For power supply devices such as a DC-DC (direct current to direct current) converter or AC-DC (alternating current to direct current) converter, the size of the device and its cost are two important considerations for its application. A converter usually includes at least one controller with certain external components. It is desired that minimum or ideally no external components are necessary to build the converter as well as to reduce the manufacturing cost of the controller portion of the converter.
FIG. 1 illustrates a schematic topology of a conventional off-line converter. As shown in FIG. 1, the converter comprises (1) a rectifier 11 to convert the high AC line voltage (HVAC) into DC line voltage (HVDC) and (2) a DC-DC converter to convert the HVDC into a low DC voltage (LVDC) with typically one controller. The off-line converter is designed to be a switch-mode voltage converter, such as the 110 VAC-3.6 DC battery charger for portable electronics. As seen, HVAC is rectified by the rectifier 11 and delivers the line voltage of HVDC. The DC-DC converter in FIG. 1 uses a flyback converter which converts the HVDC into a low AC voltage through the transformer T with the periodical turn-on and turn-off of the switch Q. The low AC voltage is rectified by D and filtered by Co into a low DC voltage LVDC which supplies the load such as a battery. The switching of Q is controlled by the controller.
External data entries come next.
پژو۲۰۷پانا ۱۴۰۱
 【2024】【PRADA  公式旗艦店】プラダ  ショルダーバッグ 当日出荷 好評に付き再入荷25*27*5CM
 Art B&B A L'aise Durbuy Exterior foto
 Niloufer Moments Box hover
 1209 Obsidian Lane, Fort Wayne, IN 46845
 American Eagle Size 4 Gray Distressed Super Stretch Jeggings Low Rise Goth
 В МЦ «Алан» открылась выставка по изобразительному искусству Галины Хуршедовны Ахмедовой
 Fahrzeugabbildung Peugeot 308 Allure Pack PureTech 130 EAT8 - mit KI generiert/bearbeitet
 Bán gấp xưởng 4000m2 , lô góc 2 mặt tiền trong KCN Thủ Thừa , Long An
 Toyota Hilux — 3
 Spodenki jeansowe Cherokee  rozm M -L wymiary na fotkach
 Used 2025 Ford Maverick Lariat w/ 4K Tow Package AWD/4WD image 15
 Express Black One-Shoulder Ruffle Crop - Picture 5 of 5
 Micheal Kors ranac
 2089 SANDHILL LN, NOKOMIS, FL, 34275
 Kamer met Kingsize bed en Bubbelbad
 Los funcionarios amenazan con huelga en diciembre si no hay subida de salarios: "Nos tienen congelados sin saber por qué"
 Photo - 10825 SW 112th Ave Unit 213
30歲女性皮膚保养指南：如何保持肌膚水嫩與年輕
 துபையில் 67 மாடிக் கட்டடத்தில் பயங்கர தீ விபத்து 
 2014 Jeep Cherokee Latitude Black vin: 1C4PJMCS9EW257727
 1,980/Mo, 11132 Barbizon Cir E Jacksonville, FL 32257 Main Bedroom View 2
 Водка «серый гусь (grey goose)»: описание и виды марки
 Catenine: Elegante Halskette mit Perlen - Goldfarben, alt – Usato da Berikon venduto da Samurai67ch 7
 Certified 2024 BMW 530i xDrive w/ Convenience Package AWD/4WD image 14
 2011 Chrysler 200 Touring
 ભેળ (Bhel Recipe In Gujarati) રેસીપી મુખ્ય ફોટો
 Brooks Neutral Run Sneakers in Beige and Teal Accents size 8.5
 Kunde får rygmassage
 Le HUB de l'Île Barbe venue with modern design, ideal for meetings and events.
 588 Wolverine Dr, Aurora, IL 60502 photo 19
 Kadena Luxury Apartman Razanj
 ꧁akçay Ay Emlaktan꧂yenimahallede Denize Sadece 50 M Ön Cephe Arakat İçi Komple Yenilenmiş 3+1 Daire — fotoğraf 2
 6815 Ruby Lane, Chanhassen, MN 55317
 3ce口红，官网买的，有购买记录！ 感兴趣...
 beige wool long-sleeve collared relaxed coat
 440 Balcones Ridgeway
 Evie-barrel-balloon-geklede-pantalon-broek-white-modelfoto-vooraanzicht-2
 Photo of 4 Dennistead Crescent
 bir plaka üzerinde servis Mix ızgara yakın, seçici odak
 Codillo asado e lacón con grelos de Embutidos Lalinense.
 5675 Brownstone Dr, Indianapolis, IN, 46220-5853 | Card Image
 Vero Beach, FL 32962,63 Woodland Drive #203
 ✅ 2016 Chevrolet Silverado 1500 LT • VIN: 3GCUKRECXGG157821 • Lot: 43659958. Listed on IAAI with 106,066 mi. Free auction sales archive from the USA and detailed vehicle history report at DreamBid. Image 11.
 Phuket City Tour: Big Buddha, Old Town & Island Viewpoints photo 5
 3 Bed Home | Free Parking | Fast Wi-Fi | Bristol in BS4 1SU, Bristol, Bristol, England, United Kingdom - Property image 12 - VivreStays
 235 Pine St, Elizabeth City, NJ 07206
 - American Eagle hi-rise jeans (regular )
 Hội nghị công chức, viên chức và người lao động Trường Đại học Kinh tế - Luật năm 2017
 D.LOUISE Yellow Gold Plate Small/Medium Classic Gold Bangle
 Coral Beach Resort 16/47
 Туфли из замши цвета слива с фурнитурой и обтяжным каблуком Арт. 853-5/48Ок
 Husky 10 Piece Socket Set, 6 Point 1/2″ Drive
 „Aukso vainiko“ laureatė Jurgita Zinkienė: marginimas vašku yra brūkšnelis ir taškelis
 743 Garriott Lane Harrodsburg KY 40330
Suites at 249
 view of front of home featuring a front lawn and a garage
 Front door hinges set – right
In operation where the DC-DC converter functions normally, the controller is powered from the DC-DC converter, typically from an auxiliary winding L3 shown in FIG. 1 with a low DC voltage rectified by a rectifier D1. However, during startup of the converter, before the onset of the switching action of the switch Q, there is no power delivered from the auxiliary winding L3, and the switch Q enters into normal function only after the controller is powered and controls Q. One traditional approach to power the controller before normal operation is to get power from the high line voltage HVDC through a voltage divider comprising two resistors. HVAC can be 110 VAC, 220 VAC or other levels in applications, thus the rectified HVDC can reach up to about 700V in some applications. HVDC itself is too high to power the low voltage controller thus it needs a leaker device to reduce the voltage and to form a low current source first, such as adopting a resistor R with high value to divide the HVDC line voltage. But this approach needs extra component of high resistor R which increases the size and the cost of the system. For that reason, it is desirable to introduce a current leaker or, as formally called, a current source to supply the startup power. While it is possible to include a HV leaker device on the same substrate as a low-voltage controller, such inclusion requires expensive high-resistance substrates as well as several more masking stages in the process of manufacture, thus increasing the costs of the controller.